En 1859, résultat de ses études et observations, Desbarolles publie « Chiromancie nouvelle en harmonie avec la phrénologie, la physionomie et la graphologie. Les Mystères de la main révélés et expliqués. Art de connaître la vie, le caractère, les aptitudes et la destinée de chacun d’après la seule inspection des mains. » Une étude dont Dumas fils dira qu’elle est un ouvrage remarquable, ajoutant à l’usage des sceptiques : « La chiromancie, ce n’est pas de la plaisanterie, c’est de la science. »

Une reconnaissance qui n’est pas l’apanage de tous les scientifiques. Alfred Binet ironise ainsi sur « ce Desbarolles, Grand Maitre de la Chiromancie, comme Gall est celui de la Céphalométrie, comme Messmer est celui du magnétisme animal, comme l’abbé Michon est celui de la graphologie. Dans chaque petite chapelle, il y a un petit saint ».

Desbarolles ne fait pas qu’observer et prendre des notes pour écrire. Il consulte aussi, le plus souvent accompagné de sa maîtresse, « une femme mûre, à beaux traits, une sorte de médaille de gitana, coiffée étrangement d’un filet couleur feu, la robe agrémentée de dessins légèrement diaboliques, avec, pour bijoux, des sortes de vagues amulettes ; l’air et la mise d’une vieille lorette et d’une nécromancienne de la rue Bréda ». Edmond de Goncourt rapporte dans son « Journal » comment Desbarolles l’examina : « Il m’a trouvé une nature de femme ! Il est revenu souvent à cela, et c’est vrai. “Très nerveux… vous devez voir souvent des névralgies. -Oui… -Une assez belle ligne de vie….”
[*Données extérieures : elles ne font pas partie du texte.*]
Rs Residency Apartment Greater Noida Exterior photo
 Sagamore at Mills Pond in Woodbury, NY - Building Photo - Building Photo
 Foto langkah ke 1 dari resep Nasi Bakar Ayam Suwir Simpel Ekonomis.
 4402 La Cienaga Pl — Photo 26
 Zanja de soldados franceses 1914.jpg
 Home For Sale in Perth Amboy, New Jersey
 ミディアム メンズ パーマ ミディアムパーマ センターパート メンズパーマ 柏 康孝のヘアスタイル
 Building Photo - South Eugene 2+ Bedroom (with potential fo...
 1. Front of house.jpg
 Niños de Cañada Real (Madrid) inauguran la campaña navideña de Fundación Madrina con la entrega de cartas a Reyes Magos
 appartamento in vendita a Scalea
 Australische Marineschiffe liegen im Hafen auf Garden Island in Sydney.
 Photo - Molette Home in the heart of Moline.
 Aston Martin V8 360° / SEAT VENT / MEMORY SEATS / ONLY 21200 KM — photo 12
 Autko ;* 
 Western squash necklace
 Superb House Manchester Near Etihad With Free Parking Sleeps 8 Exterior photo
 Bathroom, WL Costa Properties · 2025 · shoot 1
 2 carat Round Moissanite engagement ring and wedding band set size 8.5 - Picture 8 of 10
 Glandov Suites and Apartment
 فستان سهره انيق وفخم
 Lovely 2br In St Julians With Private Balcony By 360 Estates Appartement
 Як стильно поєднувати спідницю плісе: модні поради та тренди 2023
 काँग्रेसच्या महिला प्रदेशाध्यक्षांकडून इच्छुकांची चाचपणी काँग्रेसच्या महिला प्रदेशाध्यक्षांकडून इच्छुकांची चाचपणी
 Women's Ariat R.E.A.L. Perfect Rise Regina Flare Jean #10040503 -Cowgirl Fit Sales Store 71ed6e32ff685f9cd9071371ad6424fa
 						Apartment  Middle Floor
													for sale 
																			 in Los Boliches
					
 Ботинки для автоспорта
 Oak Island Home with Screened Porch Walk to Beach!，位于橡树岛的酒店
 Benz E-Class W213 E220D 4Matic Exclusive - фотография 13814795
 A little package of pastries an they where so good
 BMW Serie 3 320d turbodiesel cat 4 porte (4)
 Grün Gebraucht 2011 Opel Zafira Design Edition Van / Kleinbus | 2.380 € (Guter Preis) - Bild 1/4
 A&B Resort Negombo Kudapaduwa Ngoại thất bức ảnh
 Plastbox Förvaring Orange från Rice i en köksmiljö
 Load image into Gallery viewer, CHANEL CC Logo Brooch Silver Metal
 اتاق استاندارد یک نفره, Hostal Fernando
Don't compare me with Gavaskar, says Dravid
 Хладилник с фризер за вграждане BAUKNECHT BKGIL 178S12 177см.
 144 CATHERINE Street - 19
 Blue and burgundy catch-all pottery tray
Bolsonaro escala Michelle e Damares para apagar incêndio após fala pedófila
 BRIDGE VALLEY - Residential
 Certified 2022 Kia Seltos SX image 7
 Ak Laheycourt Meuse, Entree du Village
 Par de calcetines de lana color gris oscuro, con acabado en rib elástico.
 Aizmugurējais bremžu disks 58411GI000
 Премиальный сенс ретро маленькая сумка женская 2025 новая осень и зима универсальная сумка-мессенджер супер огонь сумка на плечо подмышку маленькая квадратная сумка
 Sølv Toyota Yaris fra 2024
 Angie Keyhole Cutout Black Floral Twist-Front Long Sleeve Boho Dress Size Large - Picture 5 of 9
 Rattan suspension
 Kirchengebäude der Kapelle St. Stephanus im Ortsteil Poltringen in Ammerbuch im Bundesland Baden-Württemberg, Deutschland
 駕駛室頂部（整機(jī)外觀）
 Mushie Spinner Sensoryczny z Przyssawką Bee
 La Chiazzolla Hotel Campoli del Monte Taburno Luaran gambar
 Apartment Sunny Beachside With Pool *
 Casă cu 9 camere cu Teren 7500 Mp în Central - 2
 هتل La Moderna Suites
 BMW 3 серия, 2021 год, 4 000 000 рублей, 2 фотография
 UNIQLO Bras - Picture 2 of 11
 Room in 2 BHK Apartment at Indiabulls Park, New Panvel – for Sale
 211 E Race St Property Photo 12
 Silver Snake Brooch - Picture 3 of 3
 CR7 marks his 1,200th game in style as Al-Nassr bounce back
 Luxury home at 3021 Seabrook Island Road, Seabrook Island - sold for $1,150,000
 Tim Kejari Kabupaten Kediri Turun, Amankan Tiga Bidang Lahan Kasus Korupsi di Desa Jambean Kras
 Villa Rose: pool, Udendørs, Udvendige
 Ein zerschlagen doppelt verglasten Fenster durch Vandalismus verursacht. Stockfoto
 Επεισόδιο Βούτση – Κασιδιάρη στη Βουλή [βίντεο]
« Et puis, sur une grosseur à la base interne de l’index, il m’a trouvé, fort développé, le désir de me faire connaître. Ce à quoi je n’ai pu m’empêcher de dire : “c’est vrai !” »

Voué à la chiromancie, Desbarolles écrira encore deux ouvrages : « Le caractère allemand expliqué par la physiologie » et Un « Almanach de la main » en 1865 qui comporte 500 gravures explicatives des lignes et monts de la main avant de créer une revue pratique : « Journal de la Chiromancie », lancée en 1869.

Pierre-Adolphe Desbarolles disparaît en 1886, laissant une œuvre originale, offrant à la chiromancie une vitrine scientifique qui l’éloignait de la sorcellerie sans lui accorder une véritable reconnaissance. A l’image de bien des études plus ou moins fantaisistes dont le XIXe siècle fut si friand.